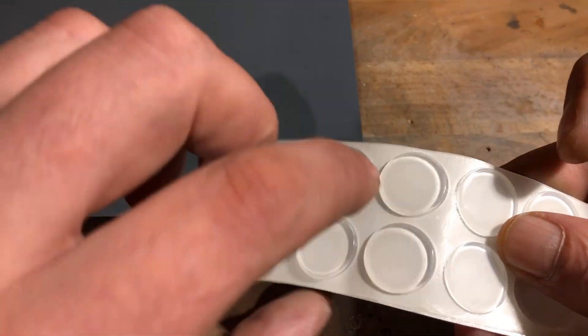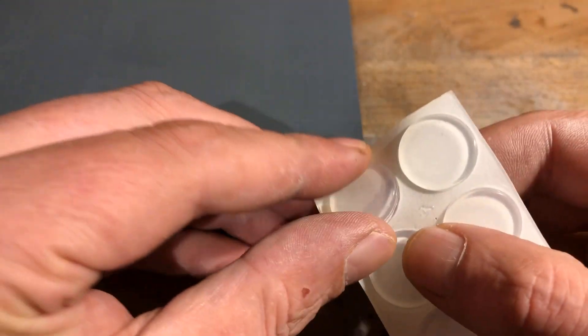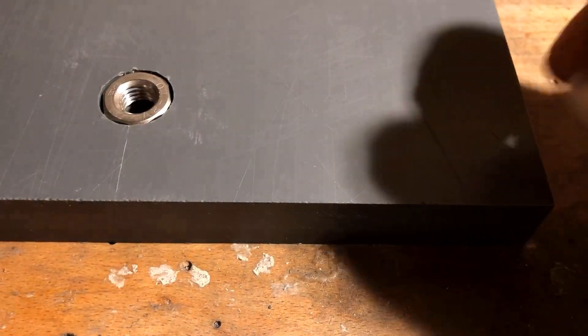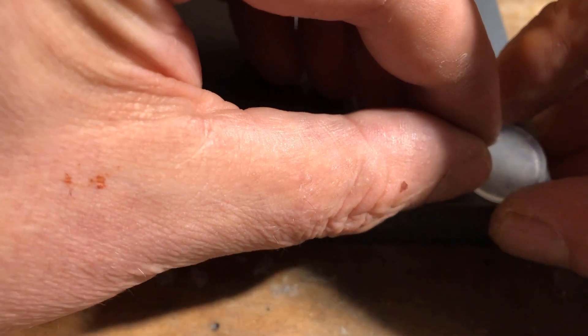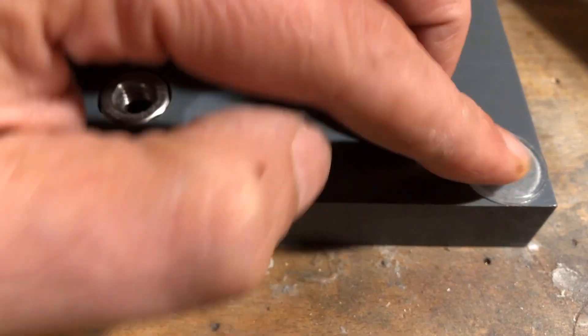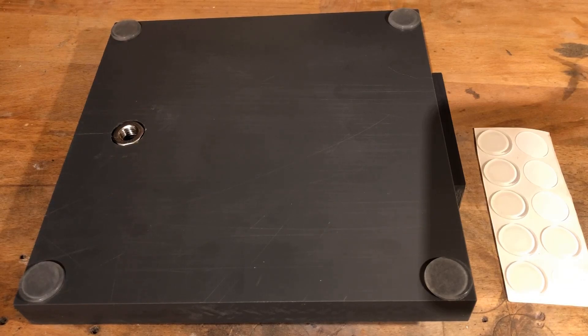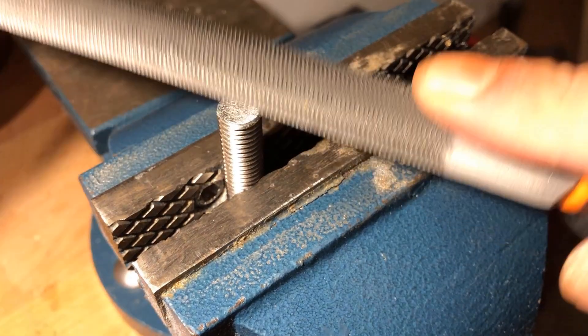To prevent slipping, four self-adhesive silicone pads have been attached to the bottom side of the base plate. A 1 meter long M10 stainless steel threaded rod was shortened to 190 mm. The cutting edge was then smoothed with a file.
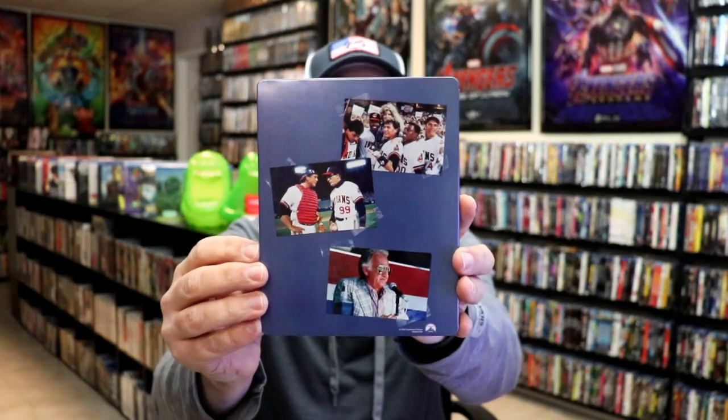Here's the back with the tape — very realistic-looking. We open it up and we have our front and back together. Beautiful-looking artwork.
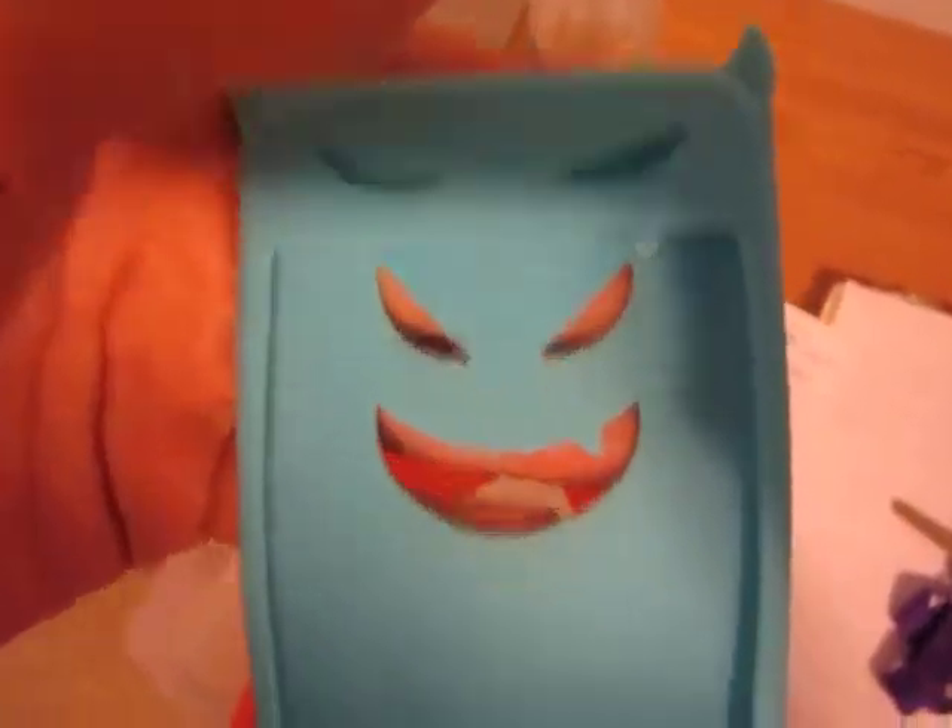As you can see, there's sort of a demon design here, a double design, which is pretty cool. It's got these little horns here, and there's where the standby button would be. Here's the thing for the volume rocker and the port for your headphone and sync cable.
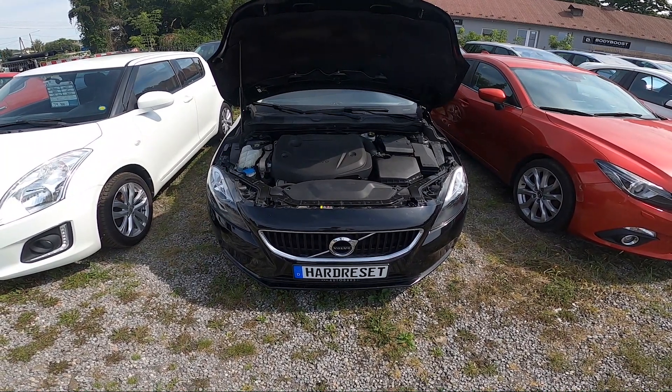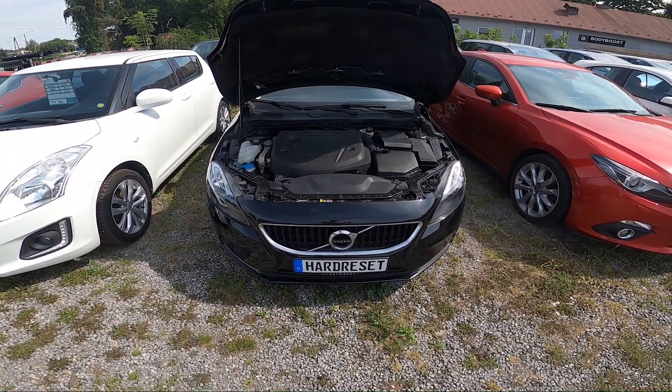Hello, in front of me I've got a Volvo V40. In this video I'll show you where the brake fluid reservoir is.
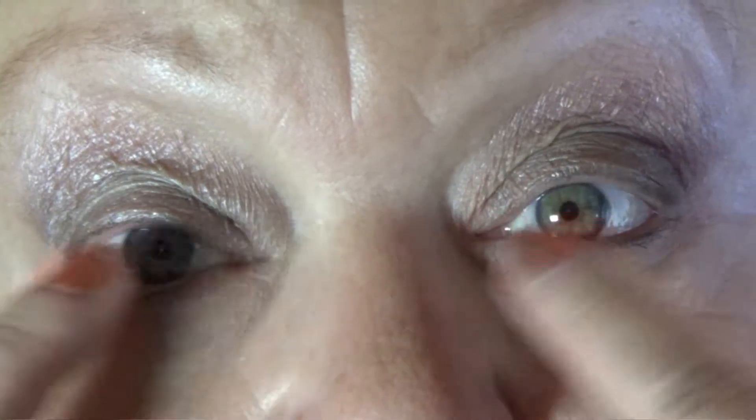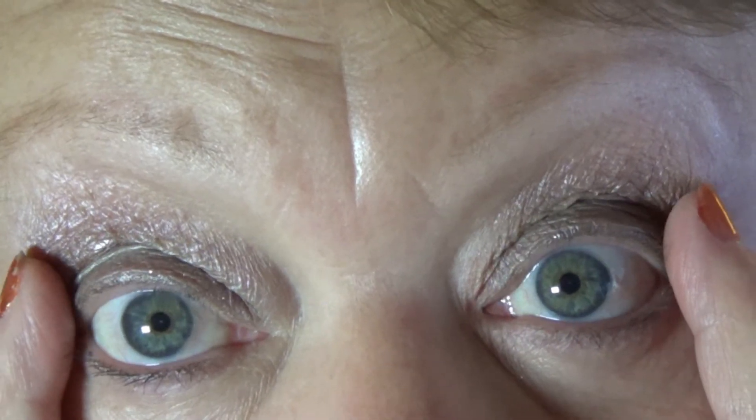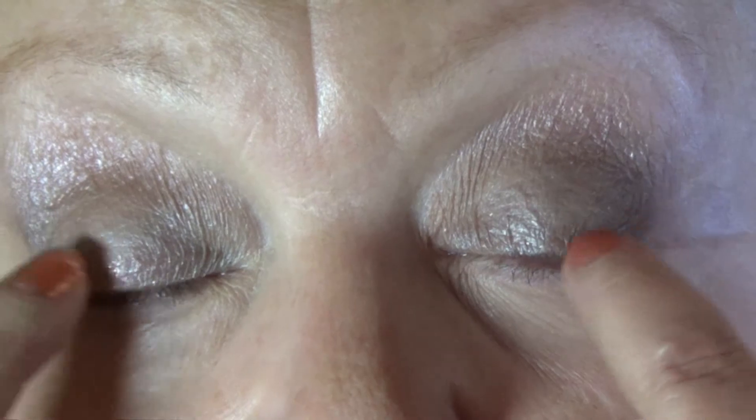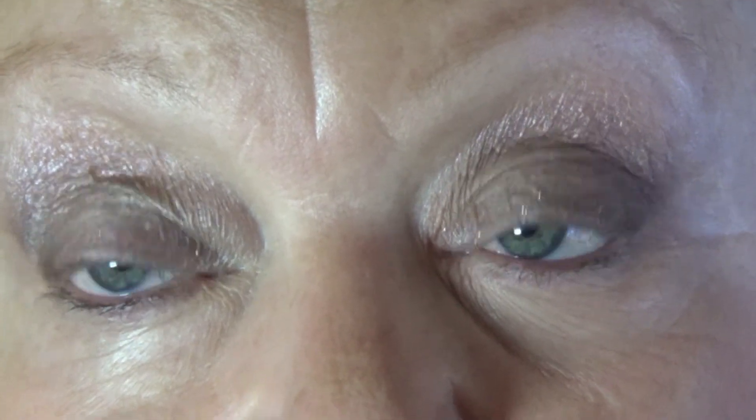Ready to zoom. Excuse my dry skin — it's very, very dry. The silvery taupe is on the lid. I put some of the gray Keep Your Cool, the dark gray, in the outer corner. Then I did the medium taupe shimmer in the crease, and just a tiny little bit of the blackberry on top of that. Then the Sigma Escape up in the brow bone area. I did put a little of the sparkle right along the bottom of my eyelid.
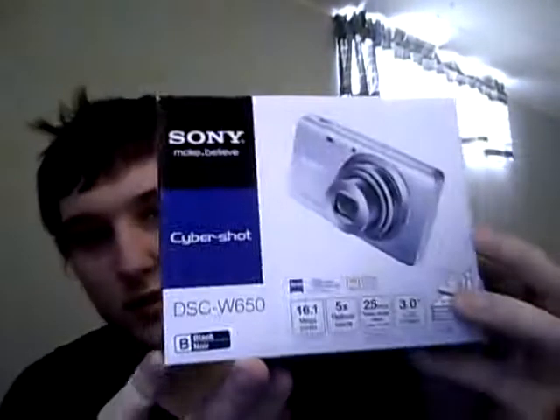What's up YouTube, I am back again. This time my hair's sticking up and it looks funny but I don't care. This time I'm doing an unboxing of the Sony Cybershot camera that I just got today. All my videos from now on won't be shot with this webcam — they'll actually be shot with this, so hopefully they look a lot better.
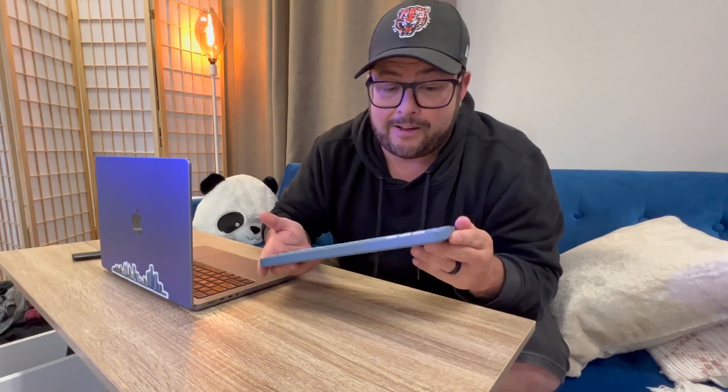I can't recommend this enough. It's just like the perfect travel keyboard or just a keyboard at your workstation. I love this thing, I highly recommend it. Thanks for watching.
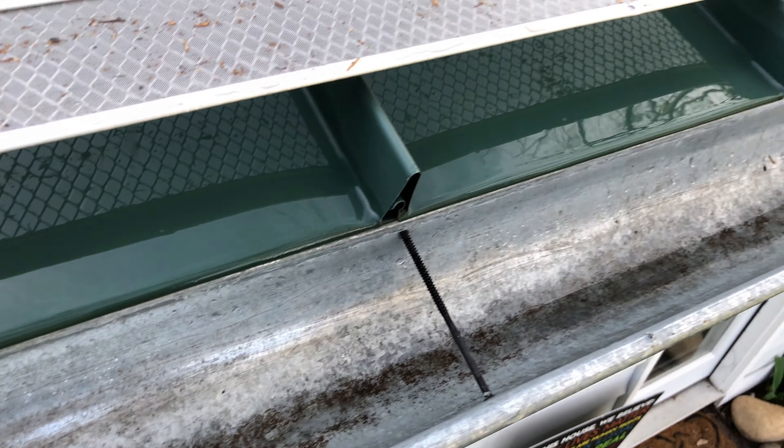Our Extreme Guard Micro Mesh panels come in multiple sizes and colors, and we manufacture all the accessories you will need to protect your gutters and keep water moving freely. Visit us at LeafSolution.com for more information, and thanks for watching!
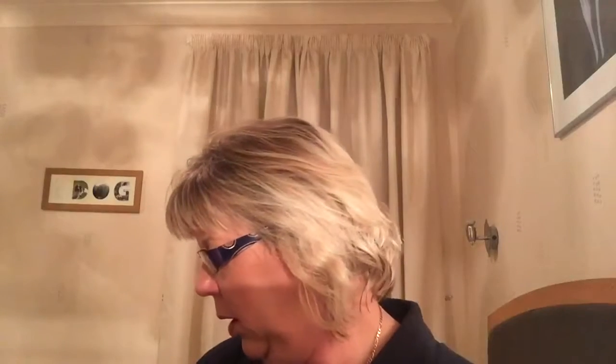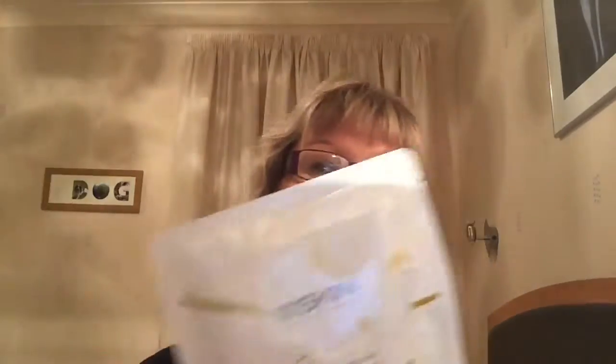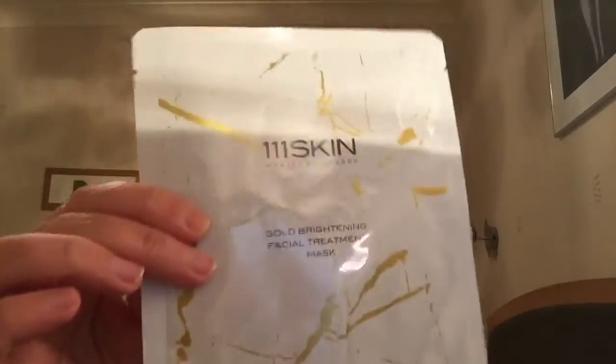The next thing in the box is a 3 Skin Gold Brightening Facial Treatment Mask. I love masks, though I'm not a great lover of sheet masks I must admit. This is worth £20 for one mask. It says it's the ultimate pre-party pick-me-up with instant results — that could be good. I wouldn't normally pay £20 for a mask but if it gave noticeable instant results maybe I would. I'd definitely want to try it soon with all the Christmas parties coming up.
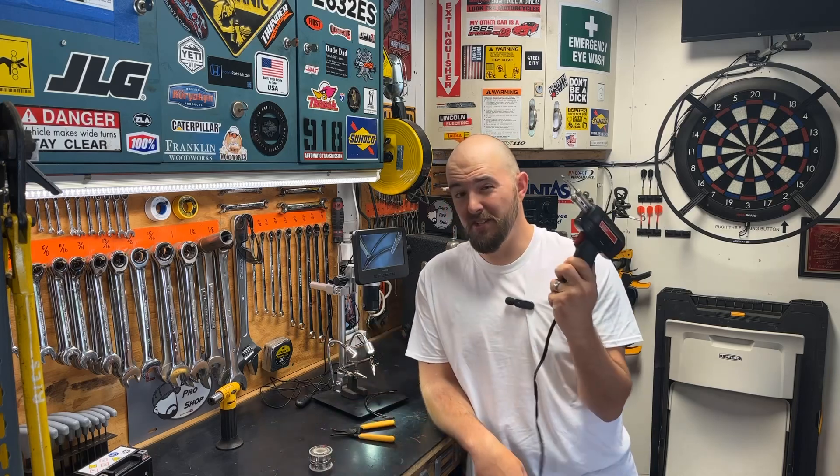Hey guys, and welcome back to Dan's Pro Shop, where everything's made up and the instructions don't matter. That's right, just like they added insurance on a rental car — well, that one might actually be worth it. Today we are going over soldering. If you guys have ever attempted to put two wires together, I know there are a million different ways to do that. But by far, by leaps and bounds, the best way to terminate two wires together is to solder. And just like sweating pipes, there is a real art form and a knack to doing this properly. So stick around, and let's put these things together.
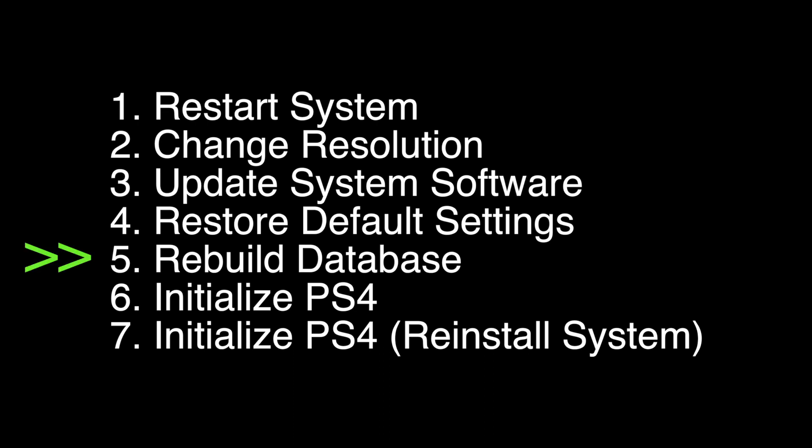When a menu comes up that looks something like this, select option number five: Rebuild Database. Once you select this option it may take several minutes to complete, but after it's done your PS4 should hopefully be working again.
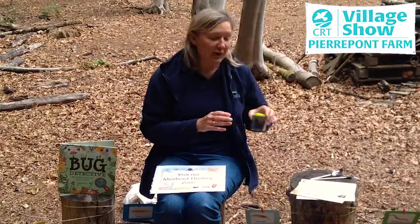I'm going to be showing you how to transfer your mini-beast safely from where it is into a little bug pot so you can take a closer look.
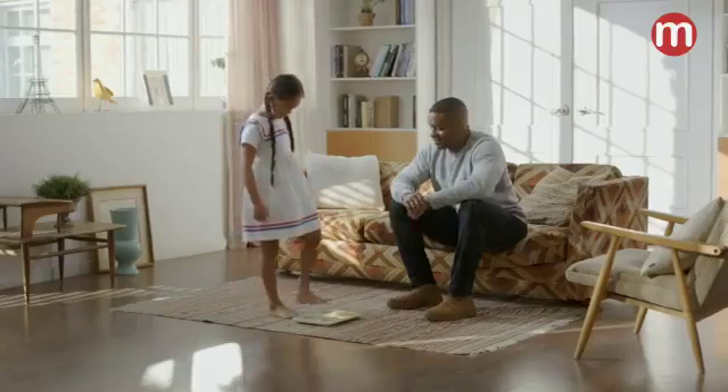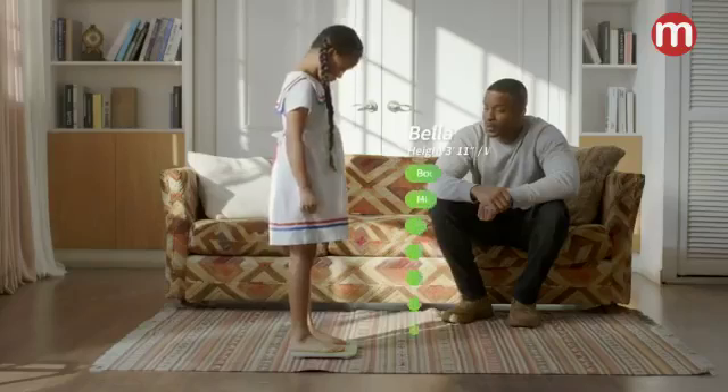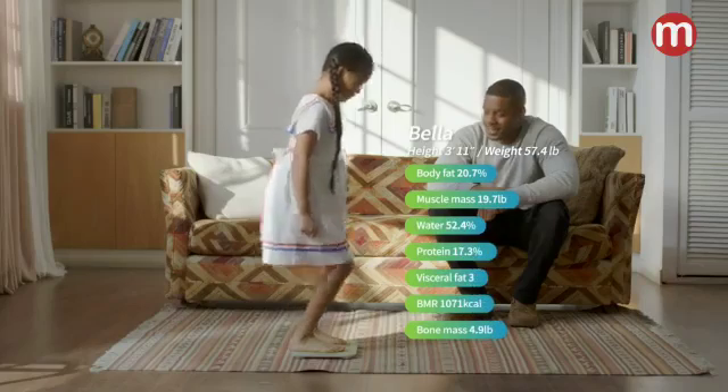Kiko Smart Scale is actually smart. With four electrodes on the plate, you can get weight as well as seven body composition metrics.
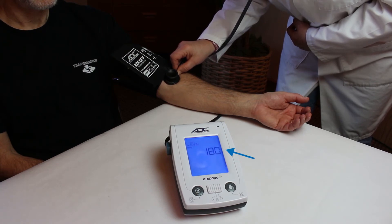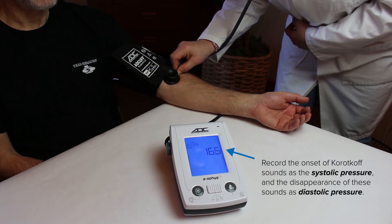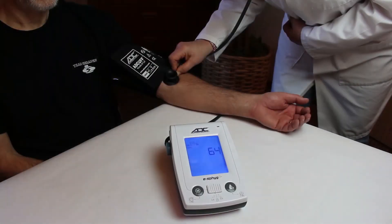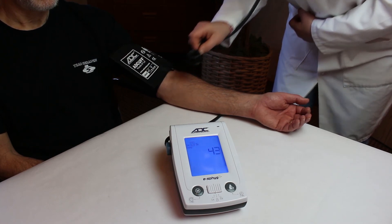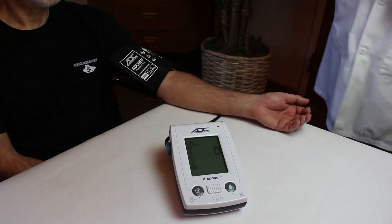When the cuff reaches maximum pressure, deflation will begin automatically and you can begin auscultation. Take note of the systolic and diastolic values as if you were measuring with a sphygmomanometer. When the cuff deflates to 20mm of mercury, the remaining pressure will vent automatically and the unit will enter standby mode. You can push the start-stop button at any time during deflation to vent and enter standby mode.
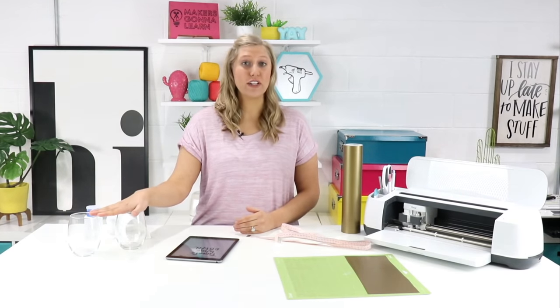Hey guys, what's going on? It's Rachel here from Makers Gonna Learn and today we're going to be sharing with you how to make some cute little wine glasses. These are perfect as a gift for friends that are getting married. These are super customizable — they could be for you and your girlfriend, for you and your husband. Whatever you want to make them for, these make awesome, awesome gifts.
* * * *
◆ Exercise aim ◆
Only the lines between the one with "The next thing" and the one with "When a menu", those two included, get copied from the material above. Keep it exact and free of pictures.

◆ Written reply ◆
The next thing in the box is a 3 Skin Gold Brightening Facial Treatment Mask. I love masks, though I'm not a great lover of sheet masks I must admit. This is worth £20 for one mask. It says it's the ultimate pre-party pick-me-up with instant results — that could be good. I wouldn't normally pay £20 for a mask but if it gave noticeable instant results maybe I would. I'd definitely want to try it soon with all the Christmas parties coming up.
Hey guys, and welcome back to Dan's Pro Shop, where everything's made up and the instructions don't matter. That's right, just like they added insurance on a rental car — well, that one might actually be worth it. Today we are going over soldering. If you guys have ever attempted to put two wires together, I know there are a million different ways to do that. But by far, by leaps and bounds, the best way to terminate two wires together is to solder. And just like sweating pipes, there is a real art form and a knack to doing this properly. So stick around, and let's put these things together.
When a menu comes up that looks something like this, select option number five: Rebuild Database. Once you select this option it may take several minutes to complete, but after it's done your PS4 should hopefully be working again.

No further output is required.